-- What the task requires --
Output nothing but the lines from the first line of the entries to the line with "Smart Ring Health", inclusive, exactly as they read.

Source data
○ ○ ○ ○
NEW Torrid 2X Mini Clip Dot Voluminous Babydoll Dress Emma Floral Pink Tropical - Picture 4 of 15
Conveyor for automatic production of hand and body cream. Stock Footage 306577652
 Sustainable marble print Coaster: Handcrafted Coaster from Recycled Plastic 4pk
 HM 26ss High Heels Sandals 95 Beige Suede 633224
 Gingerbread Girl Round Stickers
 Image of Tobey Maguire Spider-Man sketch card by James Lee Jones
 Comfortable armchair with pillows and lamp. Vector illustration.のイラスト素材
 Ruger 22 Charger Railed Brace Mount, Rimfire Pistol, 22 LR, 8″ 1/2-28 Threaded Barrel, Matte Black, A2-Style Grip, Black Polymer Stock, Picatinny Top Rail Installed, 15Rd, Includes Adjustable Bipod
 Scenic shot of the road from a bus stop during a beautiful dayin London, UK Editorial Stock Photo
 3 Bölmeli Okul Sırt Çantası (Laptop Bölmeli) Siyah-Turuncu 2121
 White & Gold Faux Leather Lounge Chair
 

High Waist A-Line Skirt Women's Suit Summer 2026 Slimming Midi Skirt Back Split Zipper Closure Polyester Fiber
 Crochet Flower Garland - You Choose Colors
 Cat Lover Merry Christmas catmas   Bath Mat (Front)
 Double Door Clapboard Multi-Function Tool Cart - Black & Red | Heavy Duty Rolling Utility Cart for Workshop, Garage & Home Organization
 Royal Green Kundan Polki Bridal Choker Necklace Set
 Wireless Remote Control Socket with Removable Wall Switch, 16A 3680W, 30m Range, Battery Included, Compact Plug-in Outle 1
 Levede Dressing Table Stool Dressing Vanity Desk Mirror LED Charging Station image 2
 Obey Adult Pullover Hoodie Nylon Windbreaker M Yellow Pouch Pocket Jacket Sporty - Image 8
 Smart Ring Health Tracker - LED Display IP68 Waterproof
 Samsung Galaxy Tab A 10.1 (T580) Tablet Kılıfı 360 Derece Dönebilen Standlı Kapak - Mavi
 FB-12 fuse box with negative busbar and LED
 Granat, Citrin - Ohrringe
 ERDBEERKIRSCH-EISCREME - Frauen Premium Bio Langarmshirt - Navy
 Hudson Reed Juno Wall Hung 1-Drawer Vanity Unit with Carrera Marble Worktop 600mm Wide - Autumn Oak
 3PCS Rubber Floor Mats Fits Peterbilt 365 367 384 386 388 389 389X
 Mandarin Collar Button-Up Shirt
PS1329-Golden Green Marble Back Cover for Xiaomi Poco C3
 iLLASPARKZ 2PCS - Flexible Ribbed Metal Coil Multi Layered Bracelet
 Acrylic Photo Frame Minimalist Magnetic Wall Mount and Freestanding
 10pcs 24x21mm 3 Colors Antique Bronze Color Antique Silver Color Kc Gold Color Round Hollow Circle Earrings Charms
○ ○ ○ ○
-- Exercise solution --
NEW Torrid 2X Mini Clip Dot Voluminous Babydoll Dress Emma Floral Pink Tropical - Picture 4 of 15
Conveyor for automatic production of hand and body cream. Stock Footage 306577652
 Sustainable marble print Coaster: Handcrafted Coaster from Recycled Plastic 4pk
 HM 26ss High Heels Sandals 95 Beige Suede 633224
 Gingerbread Girl Round Stickers
 Image of Tobey Maguire Spider-Man sketch card by James Lee Jones
 Comfortable armchair with pillows and lamp. Vector illustration.のイラスト素材
 Ruger 22 Charger Railed Brace Mount, Rimfire Pistol, 22 LR, 8″ 1/2-28 Threaded Barrel, Matte Black, A2-Style Grip, Black Polymer Stock, Picatinny Top Rail Installed, 15Rd, Includes Adjustable Bipod
 Scenic shot of the road from a bus stop during a beautiful dayin London, UK Editorial Stock Photo
 3 Bölmeli Okul Sırt Çantası (Laptop Bölmeli) Siyah-Turuncu 2121
 White & Gold Faux Leather Lounge Chair
 

High Waist A-Line Skirt Women's Suit Summer 2026 Slimming Midi Skirt Back Split Zipper Closure Polyester Fiber
 Crochet Flower Garland - You Choose Colors
 Cat Lover Merry Christmas catmas   Bath Mat (Front)
 Double Door Clapboard Multi-Function Tool Cart - Black & Red | Heavy Duty Rolling Utility Cart for Workshop, Garage & Home Organization
 Royal Green Kundan Polki Bridal Choker Necklace Set
 Wireless Remote Control Socket with Removable Wall Switch, 16A 3680W, 30m Range, Battery Included, Compact Plug-in Outle 1
 Levede Dressing Table Stool Dressing Vanity Desk Mirror LED Charging Station image 2
 Obey Adult Pullover Hoodie Nylon Windbreaker M Yellow Pouch Pocket Jacket Sporty - Image 8
 Smart Ring Health Tracker - LED Display IP68 Waterproof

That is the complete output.